Why do we have this thing against playing covers?
One line of thought that nobody takes into account when playing covers is the whole copyrights issue – have you got permission of the rightful owners of the song before playing it for your own profit?!? Can we get sued for playing that song (even the way we did!)?
So, how does an Indian musician with ‘a rich cultural and musical heritage’, speaking and thinking in English play a rocking version of Hotel California (and get a visa to the US `;~)?!?
In Western and Indian Classical music, anything worth composing has already been done. Anyone wishing to prove a point has to first show mastery over what already exists and that it self takes a life time for most of the great performers to achieve. That’s playing covers, the way I see it.
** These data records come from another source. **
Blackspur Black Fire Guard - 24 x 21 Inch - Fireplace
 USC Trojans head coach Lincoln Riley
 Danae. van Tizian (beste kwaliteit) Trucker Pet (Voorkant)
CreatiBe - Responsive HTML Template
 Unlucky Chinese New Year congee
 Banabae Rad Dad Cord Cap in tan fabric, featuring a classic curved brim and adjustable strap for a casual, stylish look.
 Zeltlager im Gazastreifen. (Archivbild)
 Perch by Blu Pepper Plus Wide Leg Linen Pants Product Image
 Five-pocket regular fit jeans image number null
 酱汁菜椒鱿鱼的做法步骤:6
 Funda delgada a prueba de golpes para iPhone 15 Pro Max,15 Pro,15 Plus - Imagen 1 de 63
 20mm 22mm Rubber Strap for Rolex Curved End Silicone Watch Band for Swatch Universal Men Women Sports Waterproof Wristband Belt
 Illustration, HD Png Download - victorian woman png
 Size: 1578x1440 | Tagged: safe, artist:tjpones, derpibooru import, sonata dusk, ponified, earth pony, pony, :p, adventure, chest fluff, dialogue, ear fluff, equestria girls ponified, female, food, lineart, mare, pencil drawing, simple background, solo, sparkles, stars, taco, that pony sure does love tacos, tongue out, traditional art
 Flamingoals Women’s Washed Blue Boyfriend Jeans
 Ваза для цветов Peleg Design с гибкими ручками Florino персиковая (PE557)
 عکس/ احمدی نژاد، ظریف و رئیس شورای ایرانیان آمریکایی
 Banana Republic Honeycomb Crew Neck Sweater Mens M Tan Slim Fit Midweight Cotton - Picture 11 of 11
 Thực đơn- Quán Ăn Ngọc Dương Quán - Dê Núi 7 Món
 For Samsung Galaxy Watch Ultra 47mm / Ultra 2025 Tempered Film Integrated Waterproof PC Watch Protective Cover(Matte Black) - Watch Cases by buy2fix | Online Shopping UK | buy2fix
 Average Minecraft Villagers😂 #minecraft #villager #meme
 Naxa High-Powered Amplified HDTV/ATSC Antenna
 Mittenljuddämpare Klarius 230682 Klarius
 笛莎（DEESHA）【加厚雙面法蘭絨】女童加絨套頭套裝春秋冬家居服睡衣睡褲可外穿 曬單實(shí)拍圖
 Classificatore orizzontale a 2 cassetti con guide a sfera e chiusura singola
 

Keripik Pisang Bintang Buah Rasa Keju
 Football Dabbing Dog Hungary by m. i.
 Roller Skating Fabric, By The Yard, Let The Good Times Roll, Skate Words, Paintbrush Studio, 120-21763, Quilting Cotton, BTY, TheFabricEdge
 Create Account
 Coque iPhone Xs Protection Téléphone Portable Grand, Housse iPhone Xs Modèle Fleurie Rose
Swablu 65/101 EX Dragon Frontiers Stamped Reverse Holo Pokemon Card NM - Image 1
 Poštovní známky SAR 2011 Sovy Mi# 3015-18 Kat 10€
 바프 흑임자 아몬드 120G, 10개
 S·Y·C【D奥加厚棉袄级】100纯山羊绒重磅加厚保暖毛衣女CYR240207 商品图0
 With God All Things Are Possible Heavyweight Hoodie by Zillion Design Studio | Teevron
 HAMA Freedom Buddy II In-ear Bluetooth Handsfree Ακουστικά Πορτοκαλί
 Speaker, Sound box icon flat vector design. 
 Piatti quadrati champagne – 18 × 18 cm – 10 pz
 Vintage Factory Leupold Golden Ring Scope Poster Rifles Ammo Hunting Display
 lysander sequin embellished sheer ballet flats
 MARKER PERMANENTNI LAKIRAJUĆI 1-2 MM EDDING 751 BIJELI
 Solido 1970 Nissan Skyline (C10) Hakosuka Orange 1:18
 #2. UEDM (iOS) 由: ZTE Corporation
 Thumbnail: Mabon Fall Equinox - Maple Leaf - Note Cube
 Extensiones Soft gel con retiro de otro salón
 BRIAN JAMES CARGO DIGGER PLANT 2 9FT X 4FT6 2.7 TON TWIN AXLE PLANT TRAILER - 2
So what can we gain by playing covers? I know Bruce has to get it just so or NO! So learning a song like HC is essential training then for any guitar player? IS there any guitar player out there who’s not heard HC or tried to learn it?
Personally, learning to play this song seems to have given me purpose in life! Playing it over and over, in all sorts of bands and circumstances, through the musical adventure that got me thru school and college. And then some 20 years later, to last week, to answer that question…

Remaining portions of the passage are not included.